▸ What the exercise asks
Set down precisely the lines from the line with "4 PZ BROCCA" through the end of the material, inclusive, and no pictures.

▸ Supplied data
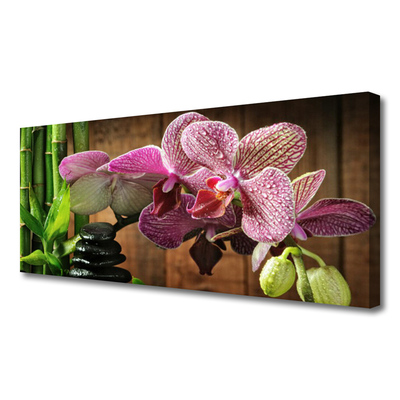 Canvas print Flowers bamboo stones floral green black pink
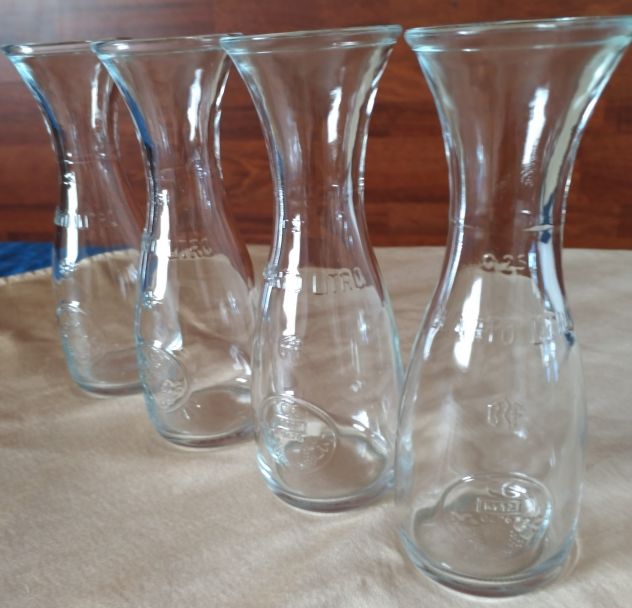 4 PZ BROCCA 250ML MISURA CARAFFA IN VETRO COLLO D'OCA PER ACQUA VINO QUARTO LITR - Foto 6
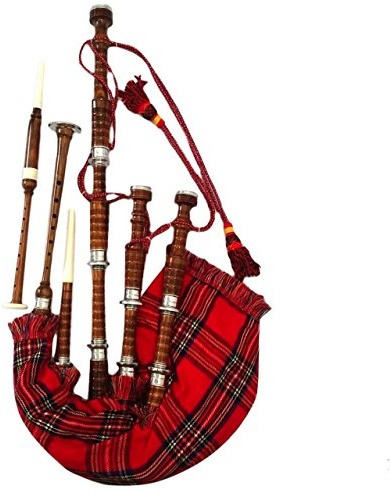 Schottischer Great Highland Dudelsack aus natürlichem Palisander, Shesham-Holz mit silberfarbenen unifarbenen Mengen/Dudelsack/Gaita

▸ Task solution
 4 PZ BROCCA 250ML MISURA CARAFFA IN VETRO COLLO D'OCA PER ACQUA VINO QUARTO LITR - Foto 6
 Schottischer Great Highland Dudelsack aus natürlichem Palisander, Shesham-Holz mit silberfarbenen unifarbenen Mengen/Dudelsack/Gaita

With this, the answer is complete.